The Fishes That Got Away

This Labor Day weekend, we were fortunate enough to have the opportunity take our Mako 211CC out fishing. We left at sunrise and had a pleasant trip out to the inlet, which is about 10 miles from sleepy BoaterRated Central. There were some unexpected breakers at the St. Lucie Inlet, where the ocean swells met with a feisty outgoing tide, but once we were past the breakwater, it was a glorious day. We had an early bite on our way out to deeper water, but whatever it was, it bit the ballyhoo in half and went merrily on its way. For the next two hours or so, we trolled a couple of baits East then North, over reef formations and scattered clumps of weed that would entice any dolphin. But we didn’t get any bites.

We turned back West towards the inlet and had about resigned ourselves to a less than eventful outing. Unexpectedly, we were greeted by that most wonderful of sounds, the “zing!” of the line unspooling off of the reel. I grabbed the rod and got a few turns on it when a huge dolphin broke through into the air. It was a bull, Carl said, evidenced by its large square head, and probably a 30lb fish or so. It spit the hook, or somehow wriggled free, on the second jump. As disappointing as it was to lose the dolphin, it was a wonderful sight to behold. The thrill of seeing the fish, and knowing that we were so close to having brought it into the boat and enjoying it for many dinners, was enough to make the whole adventure worth it.

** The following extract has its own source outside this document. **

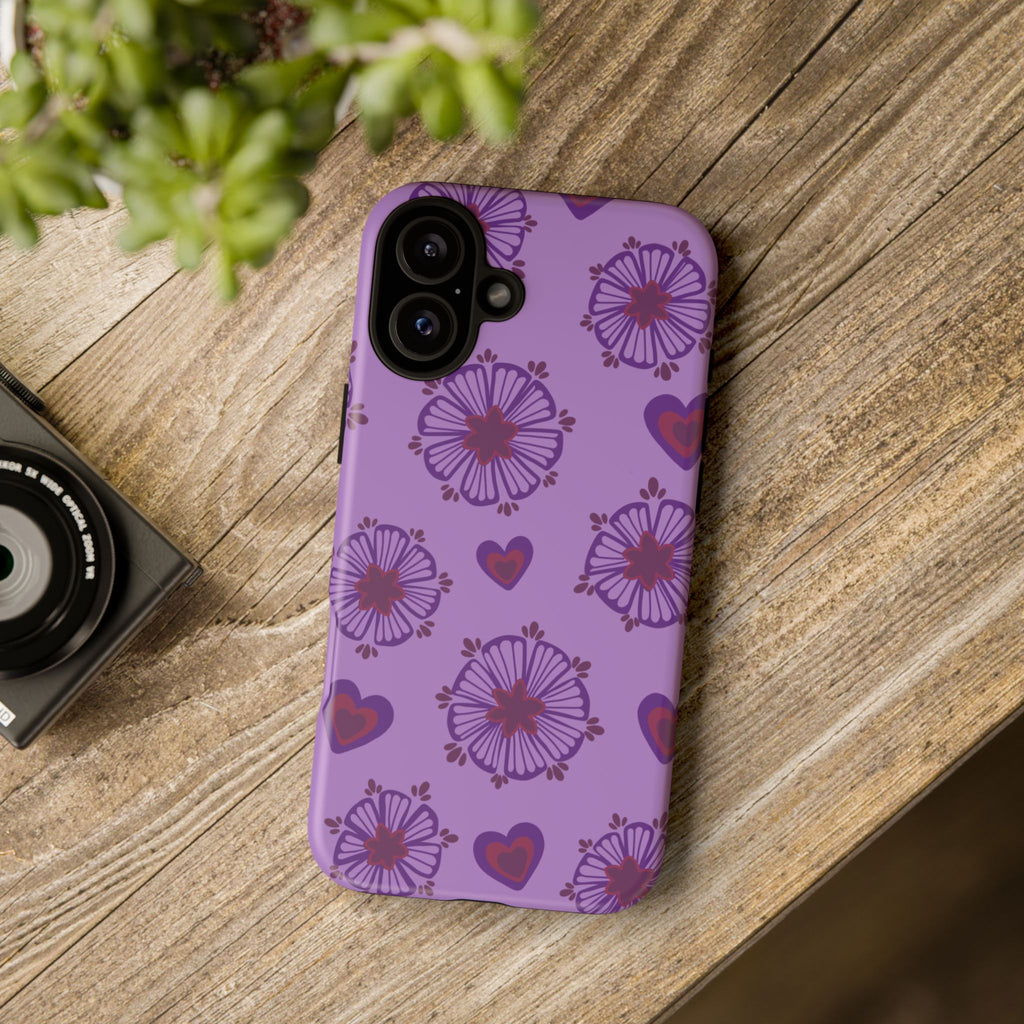 Phone Case - Purple Floral Hearts Protective Tough Case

Not long after the dolphin strike, as we were moseying back into shallower water, there was a noise on one of the reels and Carl pulled it up. As he reeled in the line, I could plainly see the bait and could tell that there was nothing on it. But the next thing I knew, a larger than life sailfish, probably only 25 feet from the boat, leapt up through the water once, then again, then broke free and was gone. Just seeing such a beautiful fish, and having it on the hook, if only for an instant, was a huge rush.

There is so much about boating that I love. Just being out on the water, whether trimming the sails of a sailboat or slicing through the waves on a powerboat, is a joy to savor. Offshore fishing is a special treat. Boats cost money to maintain, and fuel is precious and costly. Fishing gear and bait and all the other necessities of a day out on the ocean add up too. But as the old credit card commercial says, when you see the big ones break through the water, the experience is priceless—even for the fishes that got away!